DIRECTIONS FOR THIS TASK ::
The answer should consist of all the entries, repeated word for word.

RECORDS SUPPLIED ::
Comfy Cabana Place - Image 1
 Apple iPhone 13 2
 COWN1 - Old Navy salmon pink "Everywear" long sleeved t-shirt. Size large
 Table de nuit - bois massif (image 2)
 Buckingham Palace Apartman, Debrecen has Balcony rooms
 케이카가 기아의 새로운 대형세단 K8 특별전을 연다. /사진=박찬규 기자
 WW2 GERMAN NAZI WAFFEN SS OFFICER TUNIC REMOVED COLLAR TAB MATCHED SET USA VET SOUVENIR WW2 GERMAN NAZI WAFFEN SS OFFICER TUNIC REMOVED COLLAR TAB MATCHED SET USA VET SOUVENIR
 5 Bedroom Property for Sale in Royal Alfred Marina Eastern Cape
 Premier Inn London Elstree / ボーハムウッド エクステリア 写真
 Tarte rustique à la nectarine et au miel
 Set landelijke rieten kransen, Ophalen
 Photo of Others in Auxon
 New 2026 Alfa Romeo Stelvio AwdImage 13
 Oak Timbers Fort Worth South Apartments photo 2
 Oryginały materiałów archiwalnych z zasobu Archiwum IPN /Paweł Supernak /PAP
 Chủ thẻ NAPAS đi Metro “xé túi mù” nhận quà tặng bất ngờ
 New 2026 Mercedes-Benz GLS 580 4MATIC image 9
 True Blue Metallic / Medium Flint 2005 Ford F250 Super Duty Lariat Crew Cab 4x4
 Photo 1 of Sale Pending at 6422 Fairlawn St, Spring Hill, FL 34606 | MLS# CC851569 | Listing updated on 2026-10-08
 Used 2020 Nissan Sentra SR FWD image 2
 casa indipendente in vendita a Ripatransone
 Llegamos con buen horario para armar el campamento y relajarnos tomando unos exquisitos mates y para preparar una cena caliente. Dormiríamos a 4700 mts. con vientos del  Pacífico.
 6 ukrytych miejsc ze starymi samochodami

SOLUTION TO THIS TASK ::
Comfy Cabana Place - Image 1
 Apple iPhone 13 2
 COWN1 - Old Navy salmon pink "Everywear" long sleeved t-shirt. Size large
 Table de nuit - bois massif (image 2)
 Buckingham Palace Apartman, Debrecen has Balcony rooms
 케이카가 기아의 새로운 대형세단 K8 특별전을 연다. /사진=박찬규 기자
 WW2 GERMAN NAZI WAFFEN SS OFFICER TUNIC REMOVED COLLAR TAB MATCHED SET USA VET SOUVENIR WW2 GERMAN NAZI WAFFEN SS OFFICER TUNIC REMOVED COLLAR TAB MATCHED SET USA VET SOUVENIR
 5 Bedroom Property for Sale in Royal Alfred Marina Eastern Cape
 Premier Inn London Elstree / ボーハムウッド エクステリア 写真
 Tarte rustique à la nectarine et au miel
 Set landelijke rieten kransen, Ophalen
 Photo of Others in Auxon
 New 2026 Alfa Romeo Stelvio AwdImage 13
 Oak Timbers Fort Worth South Apartments photo 2
 Oryginały materiałów archiwalnych z zasobu Archiwum IPN /Paweł Supernak /PAP
 Chủ thẻ NAPAS đi Metro “xé túi mù” nhận quà tặng bất ngờ
 New 2026 Mercedes-Benz GLS 580 4MATIC image 9
 True Blue Metallic / Medium Flint 2005 Ford F250 Super Duty Lariat Crew Cab 4x4
 Photo 1 of Sale Pending at 6422 Fairlawn St, Spring Hill, FL 34606 | MLS# CC851569 | Listing updated on 2026-10-08
 Used 2020 Nissan Sentra SR FWD image 2
 casa indipendente in vendita a Ripatransone
 Llegamos con buen horario para armar el campamento y relajarnos tomando unos exquisitos mates y para preparar una cena caliente. Dormiríamos a 4700 mts. con vientos del  Pacífico.
 6 ukrytych miejsc ze starymi samochodami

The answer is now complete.